Josh’s experiment in the documentary of the pods I think is exactly what the internet is now. One of the women in the video said, “There was a real sense of freedom even though you’re also chained by the concept of being watch.” I think people feel they are free to say and do whatever they want on social media, hiding behind the keyboard. I do think the concerns of the internet have been realized, but I do not think people will change or care. However, I think most people almost consider it like a virtual reality, not real life. That’s the way people in the pods started to feel – “detached” from themselves. I think the people who loved being watched in the experiment are like people today who love to have thousands of followers and post obsessively on social media sites. “Everyone wants their 15 minutes of fame,” quoted in the documentary. I think that’s true when it comes to the internet. However, I do not find this to be true when it comes to my job. I always joke the camera attracts the crazies or is like the black plague – more often like the plague and clears out a room quickly.

The fact this was the first “reality” TV show makes me feel differently about reality tv shows. I never thought about reality TV shows in the way it’s put in the title “living in public.” I think the “Real World” emulated this concept. However, I also think when Josh put the cameras in his home, it was almost like Facebook Live now – being able to watch something in real time and interact directly with those in front of the lens.

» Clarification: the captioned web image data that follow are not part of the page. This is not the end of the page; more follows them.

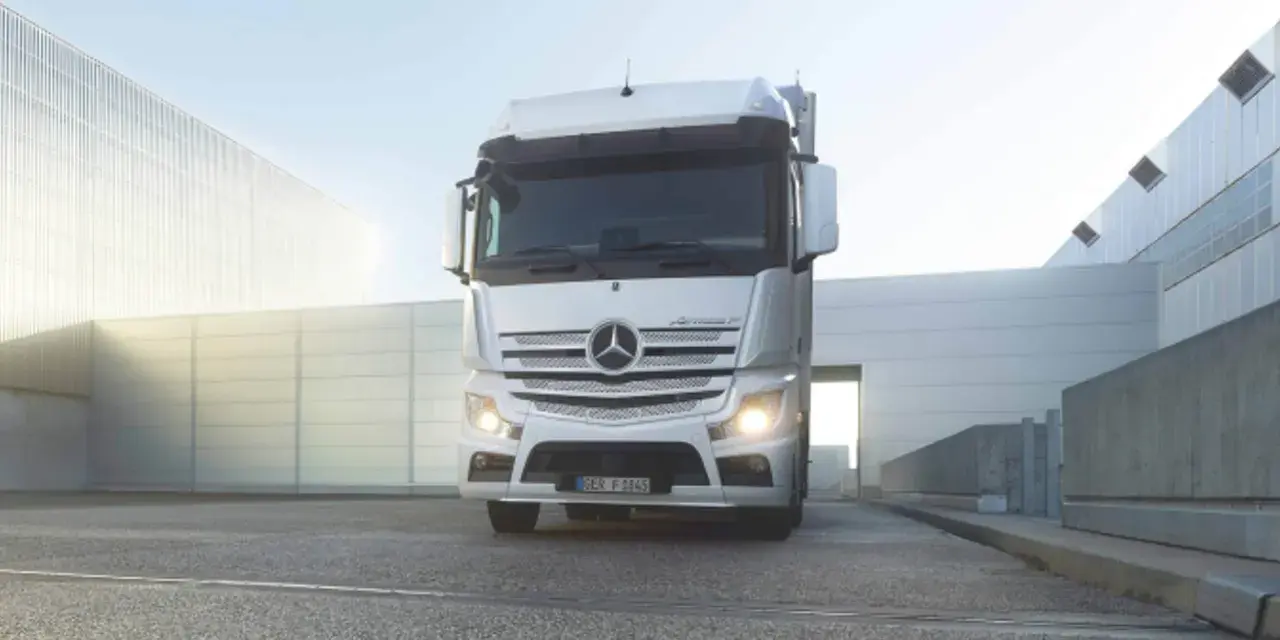 Biały Mercedes Actros MP4 z włączonymi światłami stoi przed nowoczesnym budynkiem.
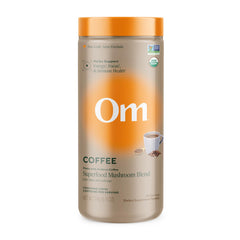 OM Mushroom Superfood instant coffee canister with organic arabica and mushroom blend boosts morning focus.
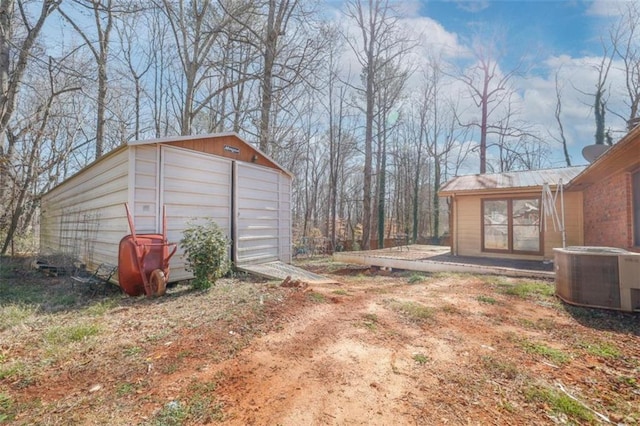 view of yard featuring a garage, cooling unit, and an outbuilding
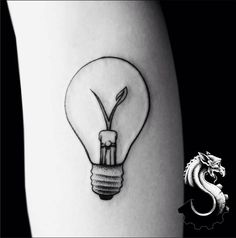 a tattoo with a light bulb on the thigh and a dragon in the back ground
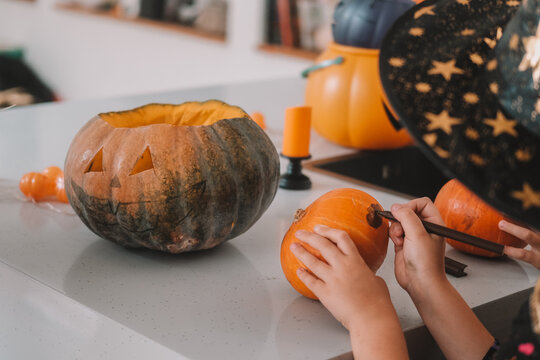 A close-up shot of the hands of children and their mother carving Halloween pumpkins on the kitchen table. Preparing and decorating the home for the main autumn holiday for children. Trick or treat.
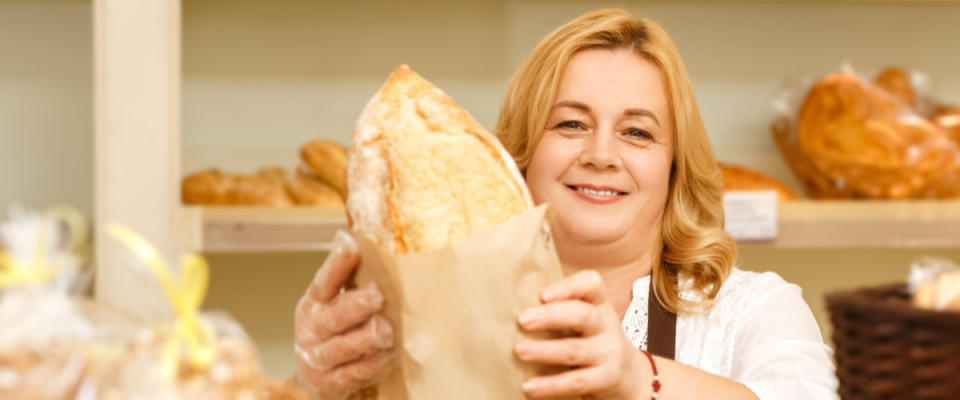 Woman handing bread over counter in bakery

Josh I think is the social cognitive theory in real-life form. He literally put people in one room and observed their social interactions and experiences. Outside of that, he created an opportunity for the outside world to observe this group of people’s social interactions and behaviors. Josh’s self-efficacy was at an all-time high, I think, throughout the experiment in the bunker and when his relationship was going well in his own “Living In Public” world. But once the cops raided the bunker, and the relationship went south, Josh went through a depression. His self-efficacy crashed, hitting a low and not knowing what to do with himself. So what do most normal people do? Go to Ethiopia. Okay, maybe not. But Josh did. I think most people when they hit that low self-efficacy have a motivational process and try and find something or somewhere else to go to get their life back on track.

However, I will never look at Gilligan’s Island, or clowns (not that I liked them before) the same.